Such conduct violates the ICCPR and the Torture Convention, but lets ask - are we bothered by it? Does it make our blood boil that the country which claims to be "the land of the free" would engage is such manifest abuses of human rights? Or do we not care because the "disappeared" are "the worst of the worst" of terrorists (or at least so the US government claims)?
As to the "worst of the worst" point, the Amnesty Report reveals that the "disappeared" include low level terror suspects as well as families (including children) of the suspects. How a 7-year old child can be considered the "worst of the worst" is unclear. But lets ignore that. Lets assume that the "disappeared" are in fact dangerous terrorists (we have to assume because, as none of them have been given a fair trial, we'll never know for sure).

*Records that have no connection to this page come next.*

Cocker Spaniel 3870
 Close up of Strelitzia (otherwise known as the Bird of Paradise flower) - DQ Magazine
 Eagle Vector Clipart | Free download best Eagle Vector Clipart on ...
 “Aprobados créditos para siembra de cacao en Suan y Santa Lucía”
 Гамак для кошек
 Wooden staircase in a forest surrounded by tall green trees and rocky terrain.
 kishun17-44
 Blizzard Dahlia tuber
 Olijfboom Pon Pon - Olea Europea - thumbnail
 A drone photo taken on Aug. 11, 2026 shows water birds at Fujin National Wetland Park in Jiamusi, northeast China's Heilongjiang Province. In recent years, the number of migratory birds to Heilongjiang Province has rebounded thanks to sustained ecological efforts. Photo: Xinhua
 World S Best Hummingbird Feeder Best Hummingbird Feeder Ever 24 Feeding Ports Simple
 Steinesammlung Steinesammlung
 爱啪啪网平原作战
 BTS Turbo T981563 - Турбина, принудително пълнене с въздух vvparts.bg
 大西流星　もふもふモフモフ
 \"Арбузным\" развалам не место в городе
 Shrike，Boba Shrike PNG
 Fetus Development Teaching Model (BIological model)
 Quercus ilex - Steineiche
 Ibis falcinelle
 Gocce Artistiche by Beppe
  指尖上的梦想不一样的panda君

Is disappearance, indefinite secret detention and torture justified because America is fighting those who threaten to destroy "our way of life"? Is it ok because the suspects are alleged terrorists as opposed to your ordinary everyday criminals? Is such conduct acceptable against people who violently oppose "our values" and "our laws" and "our freedoms"?
I cannot help thinking that, if this is what the "war on terror" is about, then we have already lost. In the rush to "defend its way of life" America has sacrificed the very values and principles it claimed to protect. By violating key human rights and civil rights obligations America has done more to destroy its own freedoms, its own values and its own laws than any terror group could have hoped to achieve. One cannot fight an enemy by becoming that enemy, one cannot defend one's values by engaging in the very conduct that those values condemn.
It is easy to respect human rights of those we love, it is harder to respect the human rights of those we hate or those we fear. That is the ultimate test of our commitment to our core values and it is a test that America has failed. It is tempting to make exceptions for one's enemies. They may even appear to be justified, notwithstanding the fact that no derogation is permitted from prohibition on torture, no matter what the circumstances.
But remember this - if exceptions are permitted, someone would define them. Someone would need to say that certain people are not "human" for the purposes of enjoying human rights protection. That definition will be made by a person or a country with the power to do so, it will be made according to its own political agenda. For America it might be terror suspects. For Hitler it was six million Jews. For Pinochet it was thousands of left-wing sympathisers. For the terrorists it is those who don't subscribe to their view of the world.
If you are tempted to make exceptions of your enemies, you can rest assured that someday, someone will be able to make you the exception.